Falun Gong: praticanti torturati e alimentati forzatamente con droghe sconosciute nel carcere femminile provinciale

Le praticanti del Falun Gong detenute nella prigione femminile provinciale dello Jiangxi (provincia meridionale della repubblica popolare cinese), sono state sottoposte a varie forme di abuso e drogate attraverso l’alimentazione forzata, nel tentativo delle autorità di costringerle a rinunciare al loro credo.

Nel corso degli ultimi 17 anni, le guardie carcerarie hanno usato molti metodi per torturare le praticanti. Le hanno picchiate, ammanettate e sospese a mezz’aria, private del sonno, costrette a stare in piedi per lunghi periodi di tempo, legate alla “panca della tigre”(*), e messe in isolamento.

Di seguito sono riportati alcuni casi di praticanti ancora detenute in questa prigione.

Le signore Luo Jianrong e Luo Chunfang alimentate forzatamente con droghe sconosciute

La signora Luo Jianrong, di 48 anni, della contea di Nancheng è stata condannata a quattro anni nel gennaio 2014. Le sono state somministrate con la forza droghe sconosciute, che le hanno creato danni cerebrali.

Dato che si sempre rifiutata di rinunciare al Falun Gong, gli è stato impedito di incontrare i suoi familiari, quando erano andati a trovarla.

Anche alla signora Luo Chunfang della contea di Taihe sono state somministrate droghe sconosciute.
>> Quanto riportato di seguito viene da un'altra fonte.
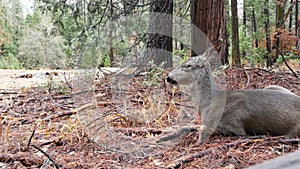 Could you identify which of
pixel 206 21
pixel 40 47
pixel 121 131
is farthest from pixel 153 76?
pixel 40 47

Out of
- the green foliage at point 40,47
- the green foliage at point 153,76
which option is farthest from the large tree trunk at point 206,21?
the green foliage at point 40,47

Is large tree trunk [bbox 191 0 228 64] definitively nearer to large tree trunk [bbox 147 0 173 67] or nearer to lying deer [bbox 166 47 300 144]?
large tree trunk [bbox 147 0 173 67]

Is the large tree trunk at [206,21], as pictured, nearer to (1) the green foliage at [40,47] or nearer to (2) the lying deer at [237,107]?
(2) the lying deer at [237,107]

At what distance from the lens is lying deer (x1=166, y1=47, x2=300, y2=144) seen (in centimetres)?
279

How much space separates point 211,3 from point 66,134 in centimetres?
305

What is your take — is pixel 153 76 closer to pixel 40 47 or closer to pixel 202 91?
pixel 202 91

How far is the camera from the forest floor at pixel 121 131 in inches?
101

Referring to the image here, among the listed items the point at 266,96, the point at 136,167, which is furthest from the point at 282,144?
the point at 136,167

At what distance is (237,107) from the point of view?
9.65ft

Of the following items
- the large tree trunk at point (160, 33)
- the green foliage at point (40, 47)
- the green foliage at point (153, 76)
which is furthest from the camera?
the green foliage at point (40, 47)

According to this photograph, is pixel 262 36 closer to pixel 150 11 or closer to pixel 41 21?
pixel 150 11

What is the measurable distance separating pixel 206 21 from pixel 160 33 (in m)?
1.16

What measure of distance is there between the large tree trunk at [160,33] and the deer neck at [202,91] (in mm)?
2686

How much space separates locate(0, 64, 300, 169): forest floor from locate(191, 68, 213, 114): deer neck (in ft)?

È stata ammanettata e poi appesa. La sua bocca è stata sigillata con del nastro adesivo per impedirle di gridare ‘la Falun Dafa è buona.’

 

Illustrazione della tortura: ammanettata e appesa
La signora Jiang Lanying privata del sonno

La signora Jiang Lanying, di 49 anni, dalla città di Nanchang è stata condannata a tre anni e mezzo nel settembre 2015. È stata privata del sonno e costretta a stare in piedi per lungo tempo, causandole un pericoloso gonfiore alle gambe .

La madre ha cercato di vederla molte volte, ma è stata respinta dalle autorità perché la donna si è rifiutata di rinunciare alla sua fede.

Prima di questa condanna, la signora Jiang era stata inviata in un campo di lavoro forzato due volte per un totale di quattro anni e condannata al carcere per cinque anni.

La signora Fu Jinfeng ammanettata e appesa per sei giorni

La signora Fu Jinfeng, di 53 anni, dalla città di Nanchang è stata condannata a tre anni nell’agosto 2015. È stata ammanettata e appesa per sei giorni perché si è rifiutata di rinunciare al suo credo.

La signora Fu è stata illegalmente arrestata (*) sei volte, e detenuta per un totale di quasi cinque anni.

La signora Zhu Beishu perde le sue capacità motorie

La signora Zhu Beishu, di settant’anni, dalla città di Ruichang, è stata condannata a quattro anni nel luglio 2014. È stata torturata fino a procurarle un’amnesia e ora non può più prendersi cura di se stessa.

La signora Tan Meili privata delle visite dei familiari

La signora Tan Meili dalla città di Jiujiang è stata resa disabile. Ha ricevuto una condanna a quattro anni nel dicembre 2014. È stata privata delle visite dei familiari perché non ha obbedito alle richieste delle autorità di rinunciare al suo credo.

La suocera della signora Tan, si è recata al dipartimento di polizia di Jiujiang chiedendo il suo rilascio, ma è stata minacciata dagli agenti e successivamente arrestata.